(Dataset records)
•••••
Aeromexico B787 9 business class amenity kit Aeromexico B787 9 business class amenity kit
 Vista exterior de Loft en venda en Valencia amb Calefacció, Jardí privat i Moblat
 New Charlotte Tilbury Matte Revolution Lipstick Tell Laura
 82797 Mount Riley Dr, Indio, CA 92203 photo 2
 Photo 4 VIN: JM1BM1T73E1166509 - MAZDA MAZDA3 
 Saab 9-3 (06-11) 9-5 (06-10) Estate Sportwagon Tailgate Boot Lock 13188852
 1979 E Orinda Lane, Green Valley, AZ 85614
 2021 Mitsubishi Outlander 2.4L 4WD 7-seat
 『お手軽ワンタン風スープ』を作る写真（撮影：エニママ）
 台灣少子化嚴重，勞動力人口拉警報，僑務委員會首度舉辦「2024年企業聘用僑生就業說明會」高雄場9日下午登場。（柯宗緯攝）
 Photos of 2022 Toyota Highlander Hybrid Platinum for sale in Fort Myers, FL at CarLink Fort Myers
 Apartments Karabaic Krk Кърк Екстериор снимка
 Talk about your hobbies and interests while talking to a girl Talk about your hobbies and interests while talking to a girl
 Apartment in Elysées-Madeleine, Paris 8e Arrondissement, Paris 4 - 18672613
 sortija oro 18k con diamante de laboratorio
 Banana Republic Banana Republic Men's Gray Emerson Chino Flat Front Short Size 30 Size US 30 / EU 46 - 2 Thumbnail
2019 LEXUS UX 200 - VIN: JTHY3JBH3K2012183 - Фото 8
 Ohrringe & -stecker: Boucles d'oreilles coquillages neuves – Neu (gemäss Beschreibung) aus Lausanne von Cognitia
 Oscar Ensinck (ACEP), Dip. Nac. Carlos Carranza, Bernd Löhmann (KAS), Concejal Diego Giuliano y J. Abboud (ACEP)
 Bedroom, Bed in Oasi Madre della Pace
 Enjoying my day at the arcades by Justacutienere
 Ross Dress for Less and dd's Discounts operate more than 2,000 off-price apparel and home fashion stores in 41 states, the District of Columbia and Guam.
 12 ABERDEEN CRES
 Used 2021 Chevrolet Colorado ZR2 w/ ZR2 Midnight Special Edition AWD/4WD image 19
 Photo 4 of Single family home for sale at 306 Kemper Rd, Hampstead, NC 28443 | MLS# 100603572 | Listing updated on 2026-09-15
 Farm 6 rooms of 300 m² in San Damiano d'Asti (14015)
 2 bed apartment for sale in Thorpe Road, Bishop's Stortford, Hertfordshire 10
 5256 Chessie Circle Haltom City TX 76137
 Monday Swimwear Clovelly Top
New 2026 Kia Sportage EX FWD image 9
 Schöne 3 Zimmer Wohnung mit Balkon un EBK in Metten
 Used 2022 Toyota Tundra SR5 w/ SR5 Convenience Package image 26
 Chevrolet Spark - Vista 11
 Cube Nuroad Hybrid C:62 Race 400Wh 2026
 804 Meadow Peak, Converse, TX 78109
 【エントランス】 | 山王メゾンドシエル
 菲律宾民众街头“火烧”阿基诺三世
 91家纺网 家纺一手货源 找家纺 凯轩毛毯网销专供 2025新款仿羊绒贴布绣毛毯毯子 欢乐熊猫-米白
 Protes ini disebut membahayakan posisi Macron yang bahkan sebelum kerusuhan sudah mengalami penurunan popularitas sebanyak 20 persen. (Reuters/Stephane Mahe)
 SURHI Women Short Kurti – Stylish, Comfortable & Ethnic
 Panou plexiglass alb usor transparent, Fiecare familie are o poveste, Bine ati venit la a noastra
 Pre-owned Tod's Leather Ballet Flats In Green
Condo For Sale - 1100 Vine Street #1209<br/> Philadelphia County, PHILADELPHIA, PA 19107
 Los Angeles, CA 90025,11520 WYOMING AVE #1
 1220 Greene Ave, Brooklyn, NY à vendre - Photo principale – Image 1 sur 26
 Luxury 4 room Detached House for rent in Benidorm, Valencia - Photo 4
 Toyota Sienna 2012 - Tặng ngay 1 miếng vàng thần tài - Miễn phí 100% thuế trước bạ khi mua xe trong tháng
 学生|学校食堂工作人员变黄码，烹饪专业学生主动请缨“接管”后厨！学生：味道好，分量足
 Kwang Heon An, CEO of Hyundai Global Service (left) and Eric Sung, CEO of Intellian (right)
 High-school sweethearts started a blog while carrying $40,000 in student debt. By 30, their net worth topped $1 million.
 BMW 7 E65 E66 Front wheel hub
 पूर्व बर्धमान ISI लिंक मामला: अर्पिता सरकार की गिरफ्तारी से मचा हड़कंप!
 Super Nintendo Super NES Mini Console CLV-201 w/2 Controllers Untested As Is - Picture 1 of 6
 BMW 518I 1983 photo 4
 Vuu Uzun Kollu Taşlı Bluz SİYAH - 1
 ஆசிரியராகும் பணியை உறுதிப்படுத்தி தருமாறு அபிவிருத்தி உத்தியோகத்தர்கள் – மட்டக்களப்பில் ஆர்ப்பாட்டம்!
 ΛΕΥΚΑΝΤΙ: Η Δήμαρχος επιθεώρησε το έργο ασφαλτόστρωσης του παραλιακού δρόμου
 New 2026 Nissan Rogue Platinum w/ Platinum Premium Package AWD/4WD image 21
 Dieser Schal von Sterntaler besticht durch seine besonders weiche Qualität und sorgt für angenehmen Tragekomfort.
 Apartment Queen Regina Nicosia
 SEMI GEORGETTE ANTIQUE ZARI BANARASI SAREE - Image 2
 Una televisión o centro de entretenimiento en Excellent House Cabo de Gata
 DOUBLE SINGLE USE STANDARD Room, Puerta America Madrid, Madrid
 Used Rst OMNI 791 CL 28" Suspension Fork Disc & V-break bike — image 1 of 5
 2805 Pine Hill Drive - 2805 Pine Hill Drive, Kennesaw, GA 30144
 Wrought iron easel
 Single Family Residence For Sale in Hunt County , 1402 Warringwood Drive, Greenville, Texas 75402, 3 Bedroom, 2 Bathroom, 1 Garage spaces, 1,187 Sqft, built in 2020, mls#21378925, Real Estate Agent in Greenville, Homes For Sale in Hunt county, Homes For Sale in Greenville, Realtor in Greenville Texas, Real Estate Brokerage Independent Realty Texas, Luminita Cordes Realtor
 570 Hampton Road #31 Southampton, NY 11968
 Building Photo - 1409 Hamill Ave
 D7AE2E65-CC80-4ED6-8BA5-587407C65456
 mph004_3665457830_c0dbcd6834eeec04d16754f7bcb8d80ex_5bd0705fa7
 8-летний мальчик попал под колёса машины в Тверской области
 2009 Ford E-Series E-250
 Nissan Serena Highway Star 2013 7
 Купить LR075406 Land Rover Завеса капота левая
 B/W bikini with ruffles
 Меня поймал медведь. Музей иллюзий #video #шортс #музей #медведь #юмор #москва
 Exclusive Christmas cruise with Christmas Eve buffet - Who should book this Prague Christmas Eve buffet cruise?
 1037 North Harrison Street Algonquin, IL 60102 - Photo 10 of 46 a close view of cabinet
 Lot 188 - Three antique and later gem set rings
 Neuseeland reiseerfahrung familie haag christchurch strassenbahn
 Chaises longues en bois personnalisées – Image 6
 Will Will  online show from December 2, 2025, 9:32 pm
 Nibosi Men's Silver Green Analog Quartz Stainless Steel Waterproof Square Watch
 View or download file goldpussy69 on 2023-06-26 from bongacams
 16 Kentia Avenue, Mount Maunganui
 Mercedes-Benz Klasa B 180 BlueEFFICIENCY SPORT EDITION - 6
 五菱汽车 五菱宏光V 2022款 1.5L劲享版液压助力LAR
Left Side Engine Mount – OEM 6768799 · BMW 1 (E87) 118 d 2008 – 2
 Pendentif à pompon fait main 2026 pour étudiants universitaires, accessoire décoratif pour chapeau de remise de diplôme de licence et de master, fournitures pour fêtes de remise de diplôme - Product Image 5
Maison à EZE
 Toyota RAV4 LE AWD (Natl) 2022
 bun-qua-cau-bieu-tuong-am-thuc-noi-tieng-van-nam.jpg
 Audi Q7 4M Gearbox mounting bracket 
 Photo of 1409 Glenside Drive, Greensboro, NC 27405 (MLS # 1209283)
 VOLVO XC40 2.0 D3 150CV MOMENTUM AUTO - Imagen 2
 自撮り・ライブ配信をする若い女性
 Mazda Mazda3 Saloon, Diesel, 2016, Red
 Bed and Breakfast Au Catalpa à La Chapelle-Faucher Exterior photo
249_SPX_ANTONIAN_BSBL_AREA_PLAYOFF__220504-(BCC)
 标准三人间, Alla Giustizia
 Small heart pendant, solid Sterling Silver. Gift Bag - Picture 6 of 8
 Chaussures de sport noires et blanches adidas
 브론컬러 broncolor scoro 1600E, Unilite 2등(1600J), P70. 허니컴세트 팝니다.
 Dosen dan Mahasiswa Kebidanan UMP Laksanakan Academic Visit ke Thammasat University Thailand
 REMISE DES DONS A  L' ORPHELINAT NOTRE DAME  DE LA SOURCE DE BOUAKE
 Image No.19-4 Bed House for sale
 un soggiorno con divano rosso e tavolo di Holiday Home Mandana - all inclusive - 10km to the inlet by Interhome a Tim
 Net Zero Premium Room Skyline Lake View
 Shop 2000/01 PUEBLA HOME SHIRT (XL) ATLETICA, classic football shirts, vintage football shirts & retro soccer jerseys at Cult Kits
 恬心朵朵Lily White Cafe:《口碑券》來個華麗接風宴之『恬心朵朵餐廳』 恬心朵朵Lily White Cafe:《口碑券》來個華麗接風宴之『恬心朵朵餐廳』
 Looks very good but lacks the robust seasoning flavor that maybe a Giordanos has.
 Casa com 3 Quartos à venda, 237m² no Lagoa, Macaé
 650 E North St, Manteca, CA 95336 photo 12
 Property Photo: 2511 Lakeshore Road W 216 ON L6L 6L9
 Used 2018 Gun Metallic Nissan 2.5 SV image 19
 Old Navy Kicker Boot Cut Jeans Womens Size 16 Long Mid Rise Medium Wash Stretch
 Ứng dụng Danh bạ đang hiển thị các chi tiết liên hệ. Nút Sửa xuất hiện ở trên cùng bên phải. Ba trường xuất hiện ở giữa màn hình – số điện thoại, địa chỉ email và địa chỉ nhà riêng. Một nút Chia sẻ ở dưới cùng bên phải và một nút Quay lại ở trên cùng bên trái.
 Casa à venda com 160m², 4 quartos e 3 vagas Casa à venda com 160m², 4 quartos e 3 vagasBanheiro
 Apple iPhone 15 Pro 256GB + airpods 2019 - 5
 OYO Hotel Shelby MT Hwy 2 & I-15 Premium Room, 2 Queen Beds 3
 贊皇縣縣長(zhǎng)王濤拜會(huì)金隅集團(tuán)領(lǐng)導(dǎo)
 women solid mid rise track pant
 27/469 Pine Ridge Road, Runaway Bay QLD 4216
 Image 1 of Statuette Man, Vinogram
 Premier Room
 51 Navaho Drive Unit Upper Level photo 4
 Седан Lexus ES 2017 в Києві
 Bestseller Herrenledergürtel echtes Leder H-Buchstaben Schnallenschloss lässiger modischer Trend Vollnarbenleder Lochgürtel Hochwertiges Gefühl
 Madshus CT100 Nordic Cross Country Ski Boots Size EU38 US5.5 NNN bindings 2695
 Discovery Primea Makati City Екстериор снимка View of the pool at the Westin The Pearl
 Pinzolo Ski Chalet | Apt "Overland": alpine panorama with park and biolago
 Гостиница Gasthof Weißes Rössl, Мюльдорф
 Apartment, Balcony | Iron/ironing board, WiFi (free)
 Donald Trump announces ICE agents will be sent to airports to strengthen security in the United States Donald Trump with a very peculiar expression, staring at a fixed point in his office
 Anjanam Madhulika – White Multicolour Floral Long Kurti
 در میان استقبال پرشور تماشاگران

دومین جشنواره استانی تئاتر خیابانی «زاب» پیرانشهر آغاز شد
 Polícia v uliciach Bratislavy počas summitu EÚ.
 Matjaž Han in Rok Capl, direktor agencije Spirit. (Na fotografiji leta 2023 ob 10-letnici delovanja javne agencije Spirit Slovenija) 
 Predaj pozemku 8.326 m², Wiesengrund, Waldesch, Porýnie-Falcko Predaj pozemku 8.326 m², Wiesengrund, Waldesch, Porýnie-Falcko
•••••
◆ Requirement
Lines that hold the word "White" are the ones to copy from the entries above.

◆ Answer area
 恬心朵朵Lily White Cafe:《口碑券》來個華麗接風宴之『恬心朵朵餐廳』 恬心朵朵Lily White Cafe:《口碑券》來個華麗接風宴之『恬心朵朵餐廳』
 Anjanam Madhulika – White Multicolour Floral Long Kurti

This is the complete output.